Thursday, July 29, 2010
Afghan women don't struggle alone
Afghan women face many challenges; cultural, societal and religious views create barriers that often prevent them from entering the work force, attending school or joining their military. The minority of women who do confront the status quo are faced with attitudes about women’s roles in society, discrimination and sexual harassment.
Currently there are 301 women serving in the Afghan National Army and just fewer than 1,000 in the Afghan National Police. While the ANA is on schedule to meet its overall recruiting goals of 134,000 by October 2010, the Ministry of Defense (in charge of the army) is struggling to fill the mandate of having women make up 10 percent of the army’s end strength.
A few weeks ago, I was invited to attend a women’s forum that was going to be hosted by a group of NATO Training Mission – Afghanistan mentors.

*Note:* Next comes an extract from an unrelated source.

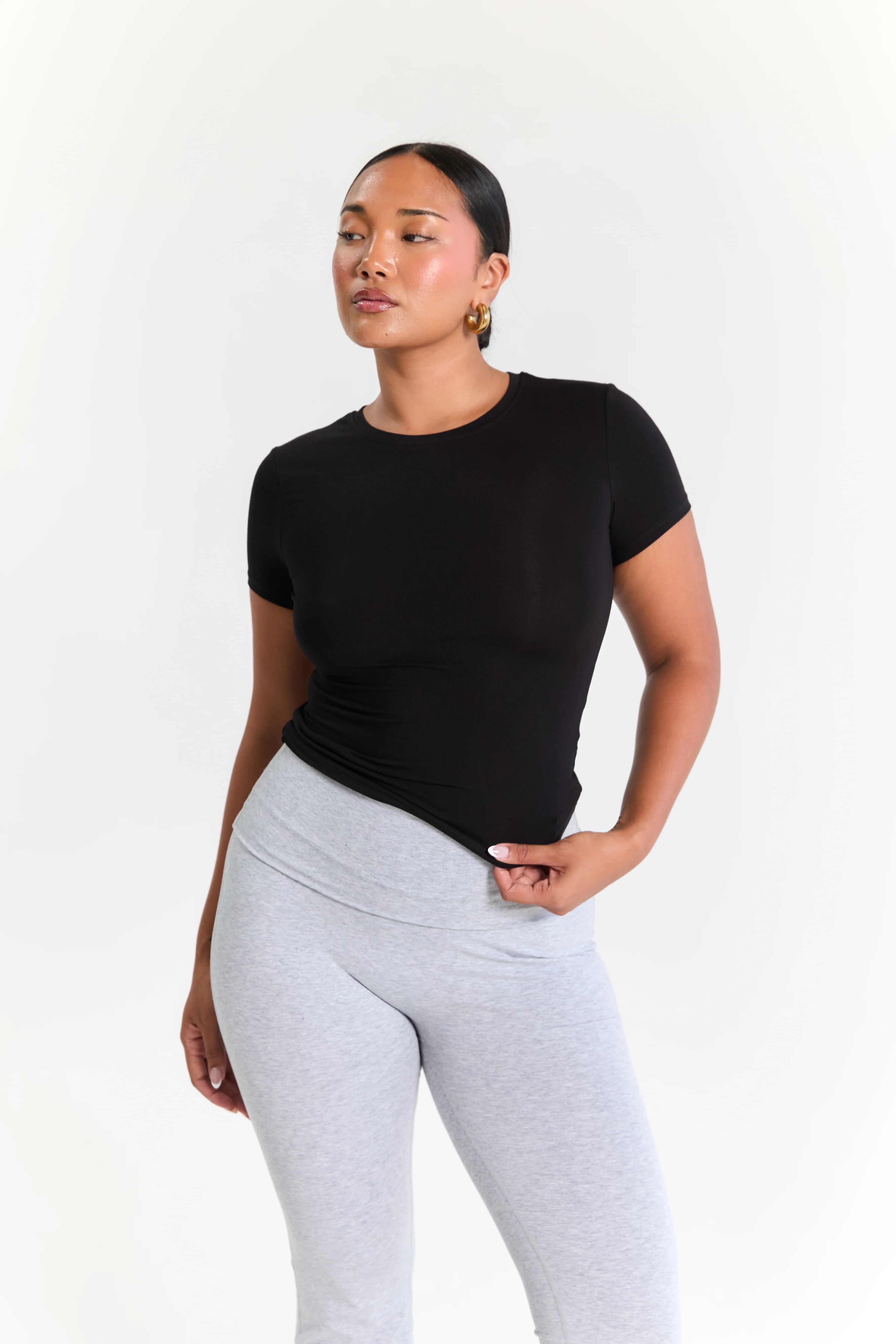 Black Baby Tee - Image 3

The purpose was to try to improve conditions for women in the ANA by giving them an opportunity to meet with other women in the military and learn from their experiences. I haven’t seen a lot of female Afghan soldiers, so I was very interested in going; Rachel, one of my female co-workers, and I joined a group of U.S. military women on Sunday, along with another civilian journalist, Gayle Lemmon for the forum.
When we arrived, Afghan Gen. Khatool Mohammadzai was speaking to the crowd of about 60 women, both civilian and military. The women all had lots of stories of being passed over for promotion, or in the cases of the civilian women, not being allowed to join the military because their families didn’t approve. One woman in particular stood out to me; she stood up to speak, saying she had been working for the army for 20 years but in all that time, had never received a promotion or pay raise. With tears in her eyes and her voice cracking, she told that every time asked for a promotion, the men would ask for a kiss or say she had to spend the night with them.
During a break, I had a chance to interview General Mohammadzai, who has served in the ANA for 30 years, as a parachute instructor to education director at the ministry.
She told me that there are many hardships facing Afghan women today; families won’t let women join (they have to attend a two-week training which requires them to stay overnight at the training center, away from home) or people will say bad things about those who do join. I asked her if there were any plans to modify the training program so that women can attend but also leave at night to take care of their families – currently the police training allows women to leave at the end of each day. Mohammadzai didn’t directly answer the question, but rather told me that when she joined, people talked about her but she didn’t care. She said education and training was necessary for females and males and that they need to learn the same things.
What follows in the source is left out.